Even without a social media tool, you can analyze your data by exporting each platform’s analytics into a spreadsheet.
Facebook, Twitter, Pinterest Business and LinkedIn Business accounts let you easily export your post and page analytics directly from the platform.
What you look for in the audit should align directly with your content goals. For example, if one of your goals is to improve brand awareness, then look at your follower count on each platform and identify which posts resulted in new followers. Now you have an idea of what types of content help expose your brand to new people who want to follow you.
A content audit will help you substantiate what you think is working well with quantitative data that shows you how each post performs.
You might notice a disconnect between posts you think should do well and the actual top performers. In this case, look closely at the language and tone you’re using on the underperforming content. You may have strayed away from your brand’s authentic voice. Your followers may interpret those posts as inauthentic or irrelevant, causing a decrease in engagement. Irrelevant posts are the second largest reason consumers unfollow brands on social media.
Some posts serve to help you meet bigger marketing goals. But even promotional content should be on brand and true to your voice. Remember that your audience began following you for a reason.
Stick with your unique voice and style as much as possible and create content that authentically markets your brand.
Having a consistent brand voice will also help you have a better understanding of who your audience is. You can’t create good social content without knowing who your followers are. During this phase, do some target audience research. Build a target persona of your audience and can compare it to who you think your target audience should be. Include things like basic demographics, acquisition channels and content preferences.
While you’re doing research, also take note of which platforms your content succeeds most on. You might want to target every social platform but it’s unrealistic to expect to perform well on all of them. You want to allocate your resources to the platforms that serve your brand and your audience the most.
Choose the Right Social Platform(s)
You don’t have to use every available social platform.
Let’s repeat that — you don’t have to use every available social platform.
In most instances, it makes sense to focus your efforts on the platforms where your audience is active and likely to engage with your business, rather than spreading your time and content too thinly across every available platform.
You will no doubt already have a good idea, by this stage, as to the platforms where your audience is the most active, but we recommend choosing a couple of these and executing a really solid strategy.
Trust us when we say that you will see far better results doing this than trying to be present everywhere.
As a general rule of thumb:
Facebook is effective for both B2B and B2C businesses, with support for a whole load of different content formats, ad targeting options, and users. There are very few businesses that should not include Facebook as one of their core channels.
Twitter isn’t for every business, due to the platform’s fast-moving nature and the fact that it is still very much based around a simple Tweet format. However, it is the perfect customer service platform for businesses that deal with high volumes of support and service queries.

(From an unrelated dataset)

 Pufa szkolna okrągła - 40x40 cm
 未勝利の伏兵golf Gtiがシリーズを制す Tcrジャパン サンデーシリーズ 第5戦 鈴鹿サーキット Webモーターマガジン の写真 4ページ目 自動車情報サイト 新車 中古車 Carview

LinkedIn is perfect for B2B service businesses and is the perfect place to position individuals and companies as experts through a content strategy based on thought leadership and a strong focus on editorial content.
Pinterest is a favorite amongst eCommerce retailers and owners of businesses that are easily promoted visually.
YouTube is the world’s second-largest search engine, and pretty much all sectors can benefit from the platform. However, you need to be prepared to consistently publish engaging video content, something that not all businesses are set up to do.
Plan Social Content and Choose Formats
Once you have chosen the main social platforms that you are going to focus your efforts upon, you need to plan out your content and the formats that you are going to create.
And our guide on 15 Social Media Content Types (with examples for ideas and inspiration) is a great starting point to inspire you to create awesome content that resonates with your audience.
A great starting point is to map out the key messages that you want to share with your audience (ideally mixing sales-focused product or service posts with educational, information, or inspirational content), alongside the formats that you can create content around.
You need to balance different formats to ensure you are getting your key message across effectively, and some of the more popular ones that we recommend include:
- User-generated content
- Live streams
- Contests & competitions
- Case studies
- Influencer marketing collaborations
Don’t rely on a single content format if you truly want to drive engagement from your audience, but be sure to balance the time needed to produce each different piece with the importance of maintaining a consistent publishing schedule.
Create a Content Calendar
Once you have started planning out your content, you need to set up a content calendar that your team can use for organizational purposes. And this is important for a simple reason; it keeps you accountable.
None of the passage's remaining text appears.